確かにユーザーはドローンの引っ張る力に身を任せてしまえば良いわけですから、音声を聞きつつ位置を調節するよりも直感的というか何も考えなくても使えるシステムであるといえます。この結果から、研究チームはドローンによる誘導システムが、視覚障害者の触察行動に一定の役割を果たセルのではと結論づけています。


もちろんこれはドローンによる誘導が視覚障害者の支援技術として有効であるかを検証するための基礎的な研究であり、すぐに実用化されるものではありません。しかし物体認識技術などと組み合わせることで、視覚障害者の触察行動のストレスを大きく軽減させる技術になるかもしれません。論文の中で研究チームは、小売店の商品を識別し、GuideCopterで欲しい品物を手に取るという応用例を提案しています。


視覚障害者をドローンが誘導するというアイデアはかなり以前から存在してはいましたが、手を引いて何かを触らせてくれるという、ある意味強引かつ大胆ともいえるGuideCopterの発想は個人的に新鮮でした。

これを実用化するためにはドローンの駆動時間や騒音、安全性といった多くの課題をクリアする必要があるでしょう。でも小型ドローンを使ったアイデアは考えるだけでも楽しそうです。
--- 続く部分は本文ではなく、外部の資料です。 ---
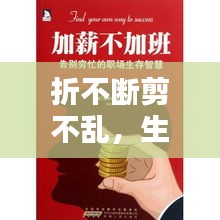 折不断剪不乱，生活智慧与艺术的完美融合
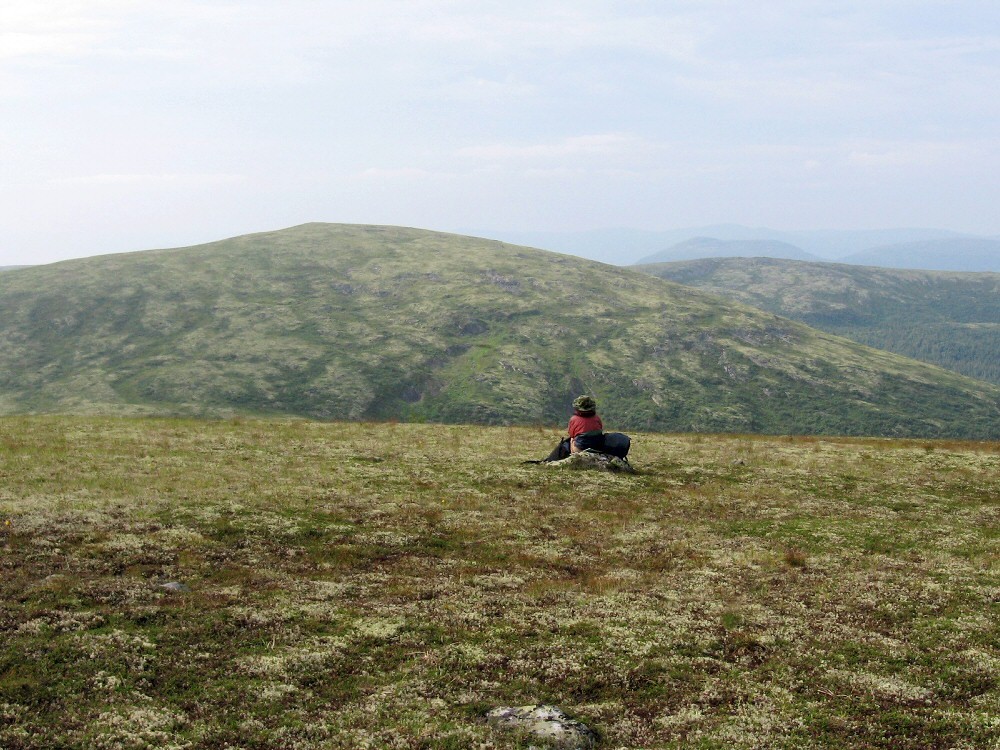 Колвицкие Тундры, image of landscape/habitat.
視覚障害者向け支援技術ではこれまで視覚的な情報を音声や触覚(振動)などに置き換える感覚置換(Sensory substitution)に基づいた技術が主流でした。しかし今後はドローンをはじめとするロボット技術との物理的というか運動的な相互作用の応用がアツいのかもしれません。今後どのような研究が出てくるのか、注目したいところです。


2021年10月11日月曜日

「Flying Guide Dog(空とぶ盲導犬)」は、ドローンと真相学習アルゴリズムで視覚障害者をナビゲーションし信号機も識別する。
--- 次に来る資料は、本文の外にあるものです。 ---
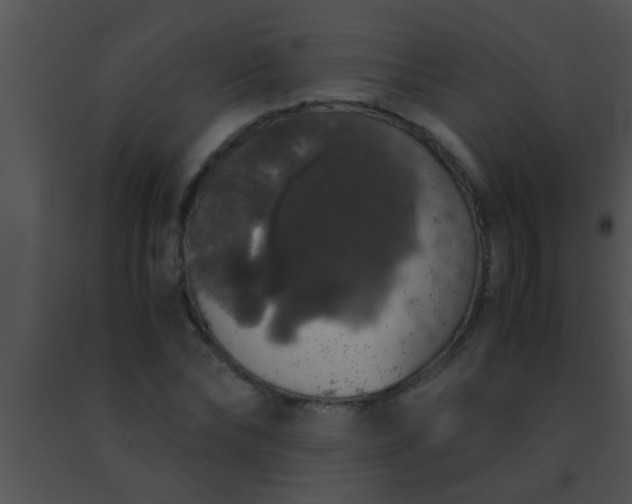 X0000091550878200708311352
視覚障害者にとって盲導犬は「引っ張られる」という連続したフィードバックによる安全・確実な誘導手段として安定した評価を得ています。あの安心感と比べると、やはりスマートフォンなどによるスポット的な音声・振動ナビゲーションは習得が難しく確実性に欠けると言わざるを得ません。もちろん便利ではあるんですけどね。
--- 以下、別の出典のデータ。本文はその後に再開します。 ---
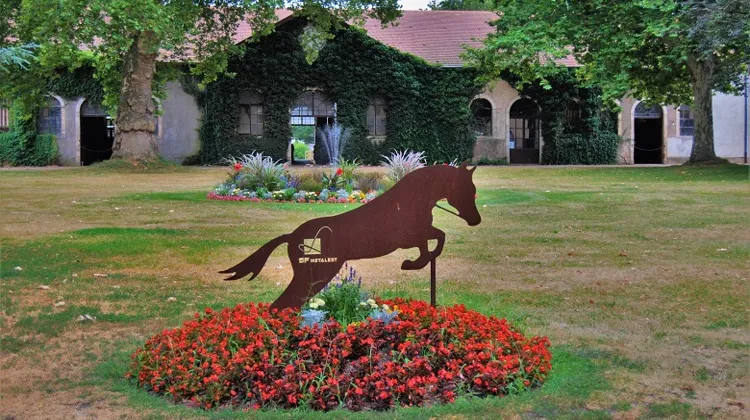 ©Institut Français du Cheval et de l’Equitation Grand Est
テクノロジー(主にロボット工学)によって盲導犬のようなナビゲーションの実現を目指す研究はこれまでにも数多く行われてきました。例えば四足歩行ロボットを応用したものなど。そのような中、着目されたのが空中を軽快に飛行する「ドローン」です。


ドイツ、カールスルーエ工科大学(KIT)の学生、Haobin Tan氏らによる研究チームは、ドローンによる視覚障害者のナビゲーションシステムに関する研究「Flying Guide Dog: Walkable Path Discovery for the Visually Impaired)PDF)」を発表しました。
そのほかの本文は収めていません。